WORK INSTRUCTIONS:
Among the entries below, one line contains "Honfleur közelében, 1822" and another contains "Alt view image". Transcribe those two lines and every line between them, exactly.

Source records
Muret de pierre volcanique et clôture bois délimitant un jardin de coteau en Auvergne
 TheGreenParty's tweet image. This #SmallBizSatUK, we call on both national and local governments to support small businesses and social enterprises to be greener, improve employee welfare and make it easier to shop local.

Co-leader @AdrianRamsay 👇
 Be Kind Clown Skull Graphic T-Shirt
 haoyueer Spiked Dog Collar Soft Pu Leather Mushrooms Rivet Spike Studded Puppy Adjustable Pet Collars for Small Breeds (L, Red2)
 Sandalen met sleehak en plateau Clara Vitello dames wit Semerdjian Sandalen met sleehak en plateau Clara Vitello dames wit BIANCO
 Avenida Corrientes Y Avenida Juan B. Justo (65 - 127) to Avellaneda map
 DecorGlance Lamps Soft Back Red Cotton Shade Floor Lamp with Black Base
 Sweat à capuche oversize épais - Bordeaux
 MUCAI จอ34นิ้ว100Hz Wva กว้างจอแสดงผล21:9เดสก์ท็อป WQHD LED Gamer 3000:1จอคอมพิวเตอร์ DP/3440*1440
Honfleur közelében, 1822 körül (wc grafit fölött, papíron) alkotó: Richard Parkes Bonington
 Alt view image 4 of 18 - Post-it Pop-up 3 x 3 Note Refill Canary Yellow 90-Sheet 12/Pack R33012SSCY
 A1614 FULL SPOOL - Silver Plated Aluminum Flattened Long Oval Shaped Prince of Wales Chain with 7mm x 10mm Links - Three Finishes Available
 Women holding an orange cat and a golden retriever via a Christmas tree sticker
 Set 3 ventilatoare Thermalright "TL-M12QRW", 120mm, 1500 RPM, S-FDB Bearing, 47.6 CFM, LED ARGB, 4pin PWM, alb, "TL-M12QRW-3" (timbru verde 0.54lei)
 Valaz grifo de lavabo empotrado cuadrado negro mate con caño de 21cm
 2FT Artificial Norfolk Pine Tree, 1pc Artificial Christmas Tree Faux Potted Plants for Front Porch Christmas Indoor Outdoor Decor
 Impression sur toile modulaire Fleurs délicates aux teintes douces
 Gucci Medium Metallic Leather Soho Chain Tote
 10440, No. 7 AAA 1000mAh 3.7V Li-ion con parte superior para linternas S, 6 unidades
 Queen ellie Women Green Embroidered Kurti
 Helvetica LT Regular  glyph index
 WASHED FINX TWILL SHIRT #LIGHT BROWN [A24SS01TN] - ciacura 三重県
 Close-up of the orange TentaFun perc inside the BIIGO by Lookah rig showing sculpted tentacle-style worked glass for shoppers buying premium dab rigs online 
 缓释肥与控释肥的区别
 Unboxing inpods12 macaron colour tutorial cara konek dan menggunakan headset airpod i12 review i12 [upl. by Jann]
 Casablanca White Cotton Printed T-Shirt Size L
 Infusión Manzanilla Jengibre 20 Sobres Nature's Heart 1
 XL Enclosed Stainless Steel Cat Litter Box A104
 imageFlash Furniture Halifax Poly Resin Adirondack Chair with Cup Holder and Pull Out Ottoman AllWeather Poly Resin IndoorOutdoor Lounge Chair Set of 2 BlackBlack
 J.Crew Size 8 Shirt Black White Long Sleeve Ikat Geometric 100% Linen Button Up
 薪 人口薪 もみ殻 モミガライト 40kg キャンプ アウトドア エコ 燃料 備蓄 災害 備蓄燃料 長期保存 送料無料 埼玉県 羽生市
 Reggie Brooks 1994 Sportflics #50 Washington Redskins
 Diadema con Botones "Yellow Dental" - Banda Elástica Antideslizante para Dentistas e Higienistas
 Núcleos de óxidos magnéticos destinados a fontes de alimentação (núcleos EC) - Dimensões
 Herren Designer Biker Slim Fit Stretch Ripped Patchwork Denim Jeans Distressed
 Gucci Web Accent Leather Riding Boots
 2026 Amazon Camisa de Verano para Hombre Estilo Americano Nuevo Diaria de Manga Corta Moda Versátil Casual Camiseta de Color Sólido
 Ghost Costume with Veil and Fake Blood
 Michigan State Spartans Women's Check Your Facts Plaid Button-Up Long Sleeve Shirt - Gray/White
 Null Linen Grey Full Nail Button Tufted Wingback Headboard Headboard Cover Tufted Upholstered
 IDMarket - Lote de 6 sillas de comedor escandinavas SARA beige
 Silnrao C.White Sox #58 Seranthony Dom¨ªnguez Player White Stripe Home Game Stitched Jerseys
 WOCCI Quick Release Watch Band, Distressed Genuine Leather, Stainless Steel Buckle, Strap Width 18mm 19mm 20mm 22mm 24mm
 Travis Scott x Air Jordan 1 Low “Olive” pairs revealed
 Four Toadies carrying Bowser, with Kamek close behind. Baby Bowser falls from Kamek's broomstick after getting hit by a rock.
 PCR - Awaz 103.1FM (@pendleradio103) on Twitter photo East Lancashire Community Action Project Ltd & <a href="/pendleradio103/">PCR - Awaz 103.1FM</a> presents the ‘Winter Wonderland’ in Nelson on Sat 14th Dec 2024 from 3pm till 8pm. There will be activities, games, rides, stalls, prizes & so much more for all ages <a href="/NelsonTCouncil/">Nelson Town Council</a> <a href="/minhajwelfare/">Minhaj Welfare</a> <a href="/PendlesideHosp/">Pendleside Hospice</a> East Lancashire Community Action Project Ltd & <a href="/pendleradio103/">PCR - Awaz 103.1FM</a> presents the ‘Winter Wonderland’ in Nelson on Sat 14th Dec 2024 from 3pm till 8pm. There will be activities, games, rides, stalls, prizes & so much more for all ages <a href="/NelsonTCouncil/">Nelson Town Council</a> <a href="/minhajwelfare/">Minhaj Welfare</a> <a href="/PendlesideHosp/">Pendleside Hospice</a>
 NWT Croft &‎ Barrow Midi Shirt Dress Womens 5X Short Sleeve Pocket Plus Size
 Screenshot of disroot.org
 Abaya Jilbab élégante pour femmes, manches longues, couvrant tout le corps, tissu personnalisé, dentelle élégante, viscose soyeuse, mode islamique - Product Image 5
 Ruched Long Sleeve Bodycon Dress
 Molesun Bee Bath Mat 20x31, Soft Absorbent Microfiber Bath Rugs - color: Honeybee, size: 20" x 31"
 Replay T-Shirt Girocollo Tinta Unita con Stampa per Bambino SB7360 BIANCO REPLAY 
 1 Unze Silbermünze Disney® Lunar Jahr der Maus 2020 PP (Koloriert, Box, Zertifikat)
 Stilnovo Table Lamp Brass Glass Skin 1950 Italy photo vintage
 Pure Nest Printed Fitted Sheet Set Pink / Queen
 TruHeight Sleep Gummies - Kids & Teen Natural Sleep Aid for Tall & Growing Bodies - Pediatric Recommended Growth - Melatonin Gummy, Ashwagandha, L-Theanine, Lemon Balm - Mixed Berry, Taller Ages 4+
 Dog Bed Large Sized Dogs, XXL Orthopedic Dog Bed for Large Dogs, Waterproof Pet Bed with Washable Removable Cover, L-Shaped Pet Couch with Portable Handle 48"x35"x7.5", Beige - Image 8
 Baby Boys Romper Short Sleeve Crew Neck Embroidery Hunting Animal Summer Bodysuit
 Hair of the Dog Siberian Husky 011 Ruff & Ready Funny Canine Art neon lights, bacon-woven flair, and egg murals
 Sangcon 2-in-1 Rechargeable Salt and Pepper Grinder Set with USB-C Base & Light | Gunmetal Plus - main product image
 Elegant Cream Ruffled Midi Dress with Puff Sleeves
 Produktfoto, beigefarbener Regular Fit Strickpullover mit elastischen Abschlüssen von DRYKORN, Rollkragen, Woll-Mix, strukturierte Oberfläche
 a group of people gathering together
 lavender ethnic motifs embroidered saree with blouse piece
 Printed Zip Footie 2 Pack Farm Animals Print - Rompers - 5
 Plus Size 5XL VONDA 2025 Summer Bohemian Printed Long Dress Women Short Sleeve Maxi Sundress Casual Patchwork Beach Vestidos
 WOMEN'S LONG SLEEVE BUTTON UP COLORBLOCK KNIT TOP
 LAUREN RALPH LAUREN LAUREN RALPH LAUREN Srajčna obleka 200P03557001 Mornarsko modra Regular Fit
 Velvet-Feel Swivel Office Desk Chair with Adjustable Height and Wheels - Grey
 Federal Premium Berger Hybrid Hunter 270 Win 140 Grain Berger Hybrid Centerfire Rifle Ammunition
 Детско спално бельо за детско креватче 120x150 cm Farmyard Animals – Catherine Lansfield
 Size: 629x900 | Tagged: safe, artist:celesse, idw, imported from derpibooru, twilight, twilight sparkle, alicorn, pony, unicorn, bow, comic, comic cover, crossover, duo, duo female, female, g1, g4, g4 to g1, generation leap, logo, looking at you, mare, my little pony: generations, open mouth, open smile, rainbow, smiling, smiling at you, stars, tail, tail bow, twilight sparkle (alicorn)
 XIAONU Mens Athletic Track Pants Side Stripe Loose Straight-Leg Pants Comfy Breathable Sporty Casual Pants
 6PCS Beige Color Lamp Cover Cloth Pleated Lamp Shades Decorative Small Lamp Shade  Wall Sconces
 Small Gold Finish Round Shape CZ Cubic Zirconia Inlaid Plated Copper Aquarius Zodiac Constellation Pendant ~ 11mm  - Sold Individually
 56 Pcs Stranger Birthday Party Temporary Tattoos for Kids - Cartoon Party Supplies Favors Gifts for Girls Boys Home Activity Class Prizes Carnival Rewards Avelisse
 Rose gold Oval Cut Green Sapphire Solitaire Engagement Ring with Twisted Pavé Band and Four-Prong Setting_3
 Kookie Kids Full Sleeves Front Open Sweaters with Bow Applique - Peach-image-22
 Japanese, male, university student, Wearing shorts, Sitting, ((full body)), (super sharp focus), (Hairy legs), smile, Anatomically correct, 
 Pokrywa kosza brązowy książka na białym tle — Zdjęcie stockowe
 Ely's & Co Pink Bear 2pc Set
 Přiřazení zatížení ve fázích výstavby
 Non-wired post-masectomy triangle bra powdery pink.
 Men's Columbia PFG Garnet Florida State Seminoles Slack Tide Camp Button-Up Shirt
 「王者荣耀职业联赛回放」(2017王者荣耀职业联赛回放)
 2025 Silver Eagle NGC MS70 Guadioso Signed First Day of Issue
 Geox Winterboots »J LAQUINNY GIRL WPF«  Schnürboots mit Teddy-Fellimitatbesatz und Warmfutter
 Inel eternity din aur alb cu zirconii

SOLUTION TO THE PROBLEM:
Honfleur közelében, 1822 körül (wc grafit fölött, papíron) alkotó: Richard Parkes Bonington
 Alt view image 4 of 18 - Post-it Pop-up 3 x 3 Note Refill Canary Yellow 90-Sheet 12/Pack R33012SSCY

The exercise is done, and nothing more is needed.